Sarah Rafanelli

Personal information
- Full name: Sarah Elizabeth Rafanelli
- Date of birth: June 7, 1972 (age 54)
- Place of birth: Santa Clara, California, U.S.
- Height: 5 ft 4 in (1.63 m)
- Position: Forward

College career
- Years: Team / Apps / (Gls)
- 1990–1993: Stanford Cardinal

International career
- 1992–1995: United States / 35 / (8)

Medal record
FIFA Women's World Cup
| Bronze medal – third place | 1995 Sweden |  |

= Sarah Rafanelli =

American soccer player (born 1972)

Sarah Elizabeth Rafanelli (born June 7, 1972) is an American retired soccer forward and former member of the United States women's national soccer team.

==Early life==
Rafanelli was born in Santa Clara, California to parents, Mark and Pam Rafanelli and is the second of four sisters. She began playing soccer at age eight and played volleyball and tennis at the College Preparatory School in Oakland, joining the school's soccer team late in high school.

===Stanford University===
Rafanelli attended Stanford University from 1990 to 1993. During her senior year with the Stanford Cardinal, Rafanelli led the team to an 18–2–2 record and trip to the Final Four. She led Stanford in scoring during three of her four seasons with the team, scoring 59 career goals, providing 34 assists for a total of 152 points – all records at the school. In her four years with the Cardinal, the team went 67–9–4 and advanced to the NCAA Playoffs each season.

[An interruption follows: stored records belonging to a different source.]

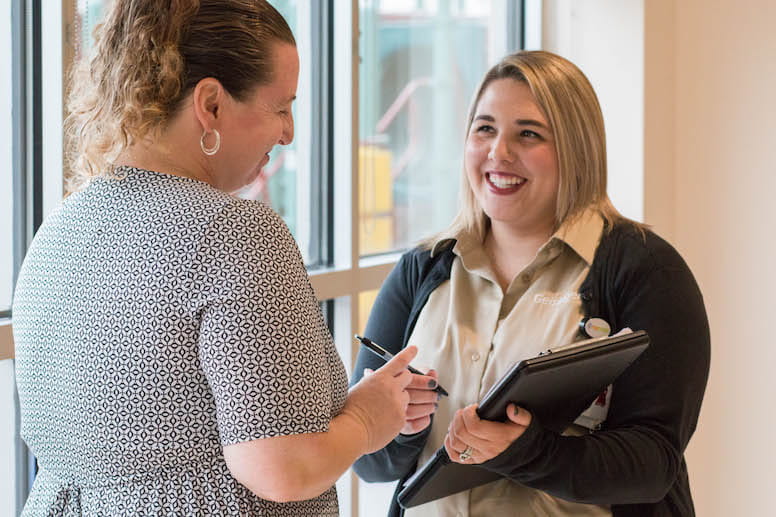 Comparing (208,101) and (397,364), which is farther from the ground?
(208,101)

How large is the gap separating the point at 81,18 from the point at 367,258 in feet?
4.32

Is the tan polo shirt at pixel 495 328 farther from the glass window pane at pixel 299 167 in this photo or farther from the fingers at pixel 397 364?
the glass window pane at pixel 299 167

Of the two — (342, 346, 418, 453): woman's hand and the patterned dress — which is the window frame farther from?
the patterned dress

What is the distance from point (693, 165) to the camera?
3422 mm

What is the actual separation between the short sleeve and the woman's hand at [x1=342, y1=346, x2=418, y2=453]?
0.15 meters

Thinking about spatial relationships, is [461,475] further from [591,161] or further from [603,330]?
[591,161]

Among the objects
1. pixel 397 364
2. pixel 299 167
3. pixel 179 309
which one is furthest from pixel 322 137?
pixel 179 309

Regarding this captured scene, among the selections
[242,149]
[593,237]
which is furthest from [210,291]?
[593,237]

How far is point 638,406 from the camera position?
5.39ft

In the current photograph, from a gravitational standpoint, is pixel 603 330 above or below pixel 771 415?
above

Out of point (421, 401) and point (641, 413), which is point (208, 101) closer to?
point (421, 401)

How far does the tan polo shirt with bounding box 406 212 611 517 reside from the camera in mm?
1731

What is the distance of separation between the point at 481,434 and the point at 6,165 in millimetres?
1062

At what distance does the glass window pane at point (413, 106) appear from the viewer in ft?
9.66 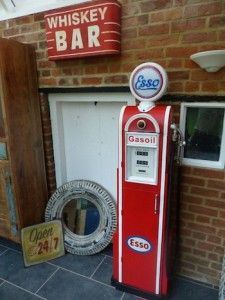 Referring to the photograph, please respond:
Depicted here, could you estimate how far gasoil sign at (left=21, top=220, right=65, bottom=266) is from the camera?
7.45 feet

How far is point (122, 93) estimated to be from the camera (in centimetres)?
203

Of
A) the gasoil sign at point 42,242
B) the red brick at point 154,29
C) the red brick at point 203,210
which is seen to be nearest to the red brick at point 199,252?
the red brick at point 203,210

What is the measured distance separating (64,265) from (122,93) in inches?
65.2

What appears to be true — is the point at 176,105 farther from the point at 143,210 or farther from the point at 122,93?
the point at 143,210

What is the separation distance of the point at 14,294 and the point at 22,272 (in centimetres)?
24

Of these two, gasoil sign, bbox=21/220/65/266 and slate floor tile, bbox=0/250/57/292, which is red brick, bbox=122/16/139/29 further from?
slate floor tile, bbox=0/250/57/292

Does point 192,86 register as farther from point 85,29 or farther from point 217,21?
point 85,29

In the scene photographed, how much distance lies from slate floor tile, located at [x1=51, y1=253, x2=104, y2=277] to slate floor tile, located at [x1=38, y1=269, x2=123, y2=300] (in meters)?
0.07

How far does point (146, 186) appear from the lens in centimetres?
165

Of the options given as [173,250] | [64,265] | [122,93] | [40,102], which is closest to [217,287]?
[173,250]

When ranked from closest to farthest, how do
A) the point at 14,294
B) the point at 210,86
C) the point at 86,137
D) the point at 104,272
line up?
the point at 210,86 < the point at 14,294 < the point at 104,272 < the point at 86,137

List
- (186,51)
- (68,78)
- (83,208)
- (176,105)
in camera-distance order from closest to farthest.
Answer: (186,51) → (176,105) → (68,78) → (83,208)

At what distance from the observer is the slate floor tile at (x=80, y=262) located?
2223 mm

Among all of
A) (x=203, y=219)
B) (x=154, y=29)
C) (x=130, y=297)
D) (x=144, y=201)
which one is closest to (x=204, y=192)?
(x=203, y=219) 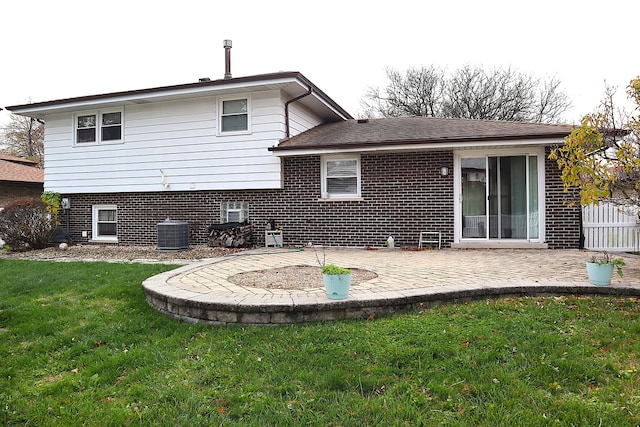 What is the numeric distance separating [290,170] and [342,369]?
8120 millimetres

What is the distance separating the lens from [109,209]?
41.5ft

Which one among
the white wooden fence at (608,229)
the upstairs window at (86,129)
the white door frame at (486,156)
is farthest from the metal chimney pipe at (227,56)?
the white wooden fence at (608,229)

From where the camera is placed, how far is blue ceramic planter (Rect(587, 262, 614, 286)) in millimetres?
4543

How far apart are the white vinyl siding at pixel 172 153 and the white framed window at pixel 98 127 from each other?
8.0 inches

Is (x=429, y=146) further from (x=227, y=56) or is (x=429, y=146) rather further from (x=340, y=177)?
(x=227, y=56)

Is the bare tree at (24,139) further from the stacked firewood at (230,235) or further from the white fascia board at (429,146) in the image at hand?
the white fascia board at (429,146)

Rafanelli earned All-American honors in 1992 and 1993 and set a new scoring record that would stand for 17 years until finally being beaten by Christen Press in 2010. The previous scoring record had been set the preceding year by Rafanelli's teammate, Julie Foudy.

==Playing career==

===International===
Rafanelli played for the United States women's national soccer team from 1992 to 1995. In 1995, she was part of the team that won bronze at the Women's World Cup.

==Coaching career==
Rafanelli was an assistant coach at her alma mater, Stanford University, in 1994.